Car sharing is a legacy from the Dyche era at Turf Moor. Worrall drives in with the likes of Josh Cullen, Lyle Foster, Ashley Barnes and Hannes Delcroix, all of whom live in Cheshire. Josh Brownhill, Luca Koleosho and Mike Tresor, who live in Manchester city centre, often come in together, too.
Burnley fans would doubtless like to see the team score more and play a little more expansively at times but they also want to see them winning and back in the top flight at the first attempt.

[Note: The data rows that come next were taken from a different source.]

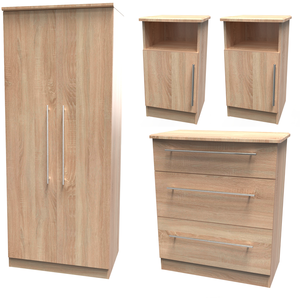 Sherwood Ready Assembled 4 Piece Bedroom Set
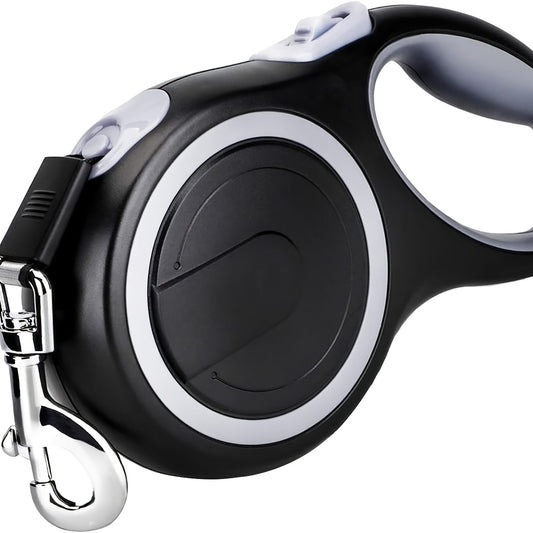 Extendable Dog Leash 16 Ft Heavy Nylon With Non Slip Handle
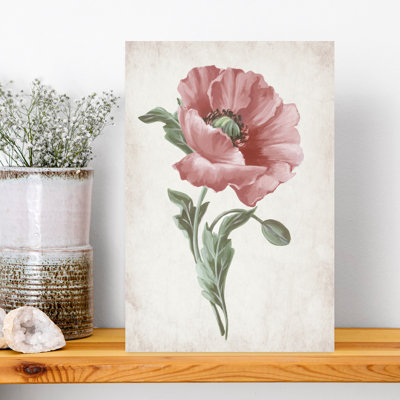 «Delicate Blooms In Soft Hues I», art mural contemporain abstrait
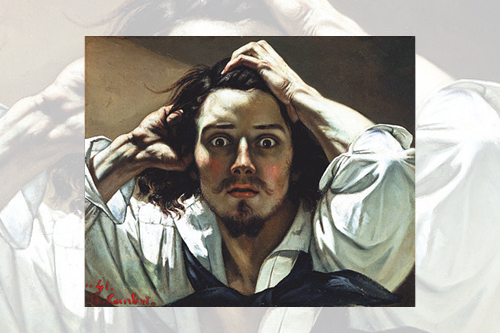 Self portrait of artist Gustave Courbet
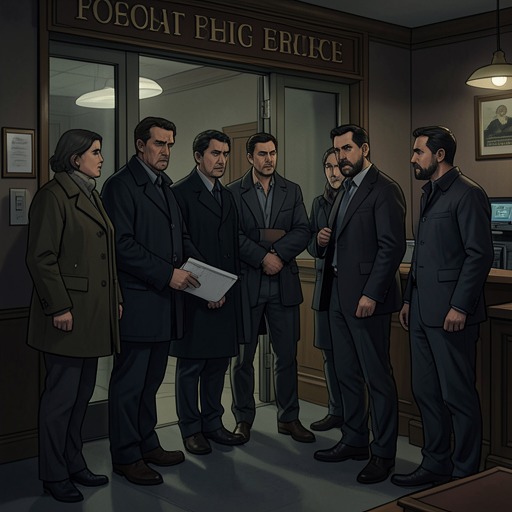 The Robbery and Its Aftermath from "American Woman". This flow traces the bank robbery from its rationalization to the fatal encounter with Mr. Morton and its moral consequences for Jenny and Pauline.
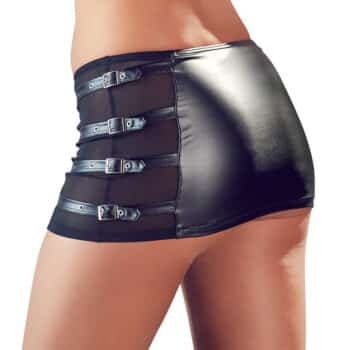 22763-cottelli-mini-skirt-with-buckles-LIMASSOL-SEX-SHOP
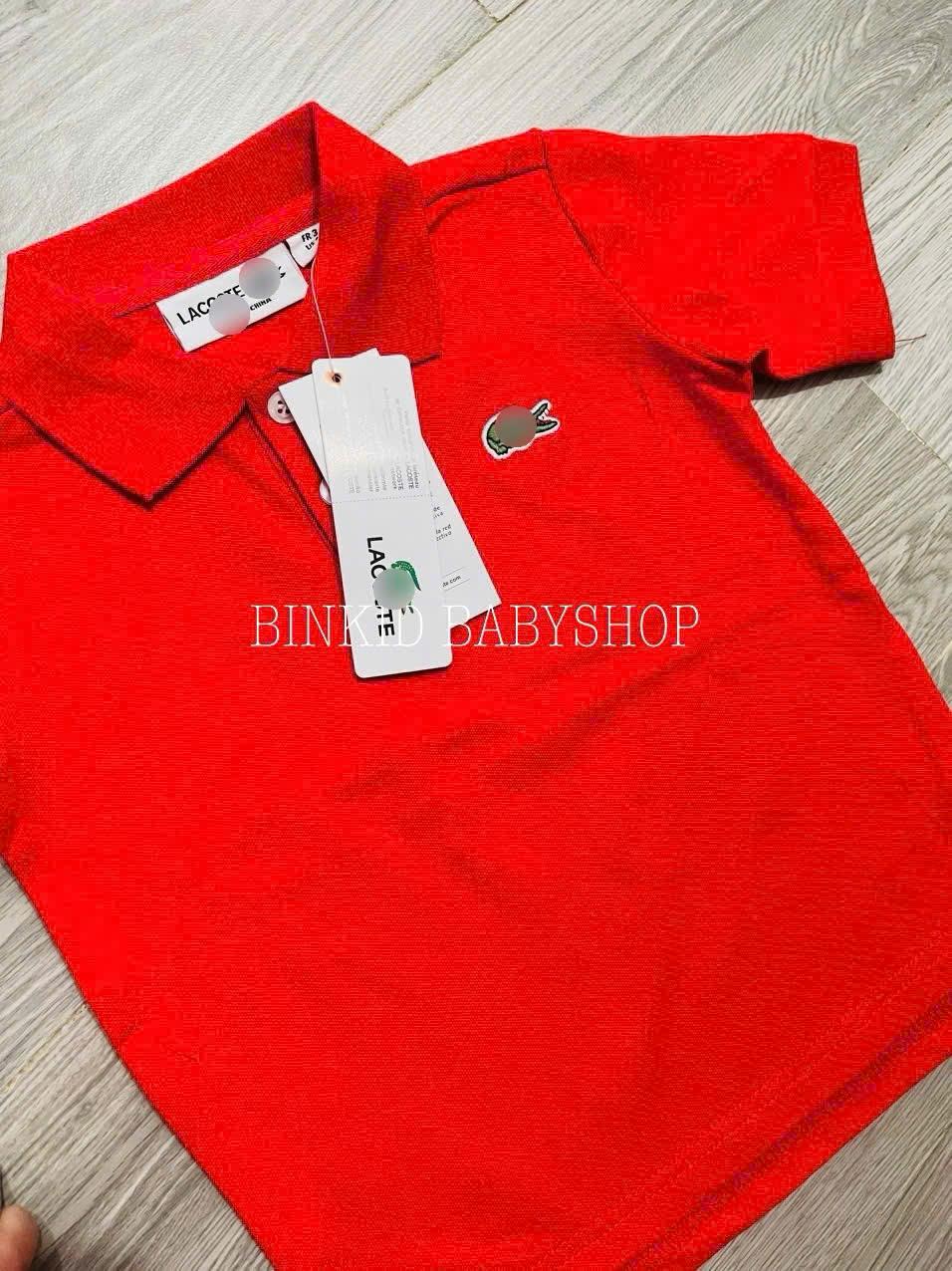 A78 ÁO POLO LACOSTE ĐỎ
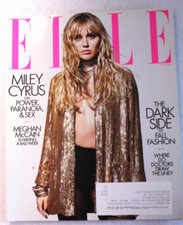 ELLE MAGAZINE AUGUST 2019 Miley Cyrus Meghan Mc Cain fashion ads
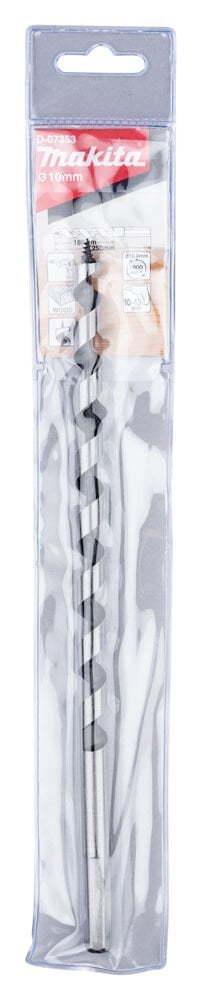 Makita D-07353 - Ahşap Burgu Matkap Ucu 10x250 Mm - Dayanıklı ve Verimli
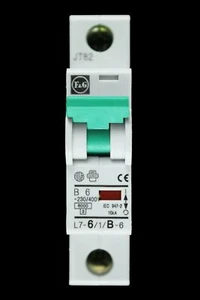 F&G 6 AMP CURVE B 6kA MCB CIRCUIT BREAKER L7-6/1/B-6 - Picture 1 of 6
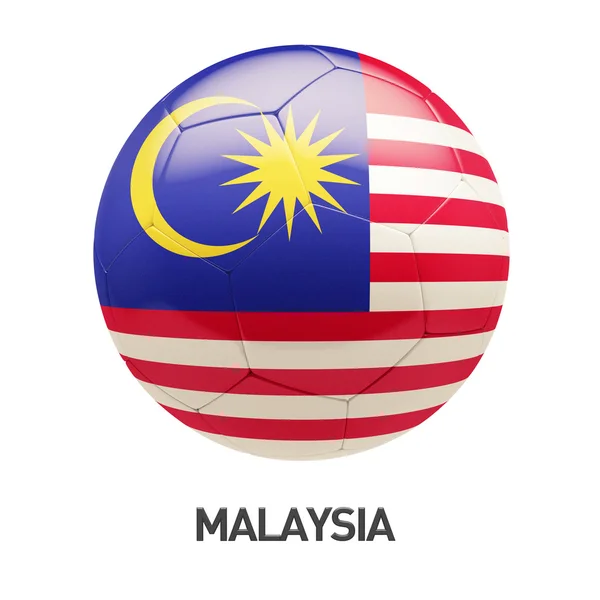 Malásia Bandeira Soccer Icon — Fotografia de Stock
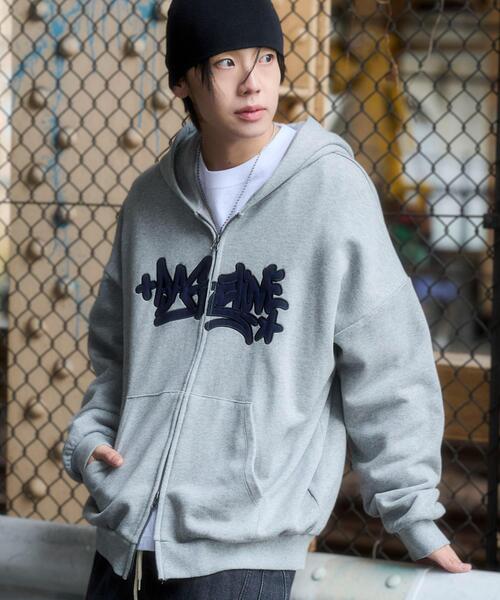 WEGO（ウィゴー）の「WEGO/【26年春夏新作】グラフィックZIPパーカー（パーカー・メンズ・ブラック/レッド/ブラウン/杢グレー/その他1/ネイビー・LARGE/MEDIUM/SMALL）」の21枚目の写真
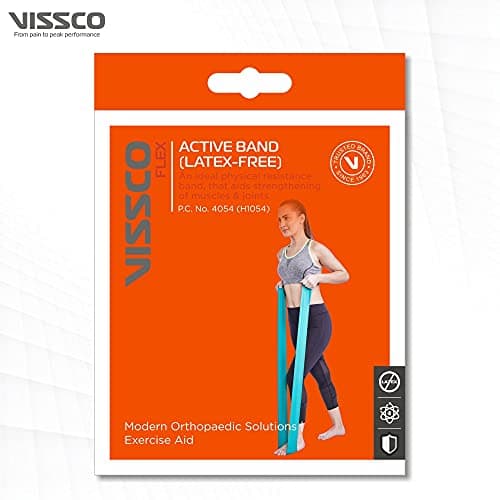 Vissco Active Band Physical Resistance Band for Exercise, Workouts, Gym, Stretching, Yoga, Strengthening of Muscles & Joints - Light Resistance (Yellow) 4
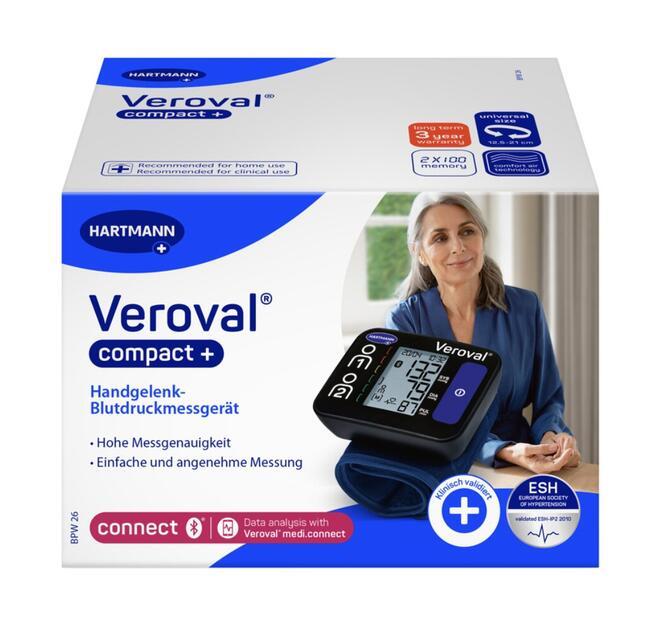 Veroval compact connect wrist blood pressure monitor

For Trafford, who has 16 clean sheets already this season and doubtless has Jimmy Strong’s club record of 25 across all competitions from 1946-47 in his sights, the contrast with last season’s naive, alarmingly porous side could not be starker.
‘Carrot is promotion – going up automatically is the aim’
Current leaders Leeds may be the league’s big draw but Worrall says the players are “relishing that underdog remark about Burnley” and being “a working-class kind of football club”.
“That’s something that we have to embrace and something we are doing at the minute,” he said. “The carrot is promotion but going up automatically is definitely the aim.”
Burnley last played Sunderland a week before the close of the transfer window and lost 1-0 at the Stadium of Light. There was an air of chaos and turbulence around the club and the dressing room felt like a revolving door. Five months later, things could not feel much more stable, on and off the pitch.
That post-war side with whom Strong won promotion to the top flight in 1947 was nicknamed “the Iron Curtain” because of their defensive strength. It would be an appropriate moniker for Parker’s team, too.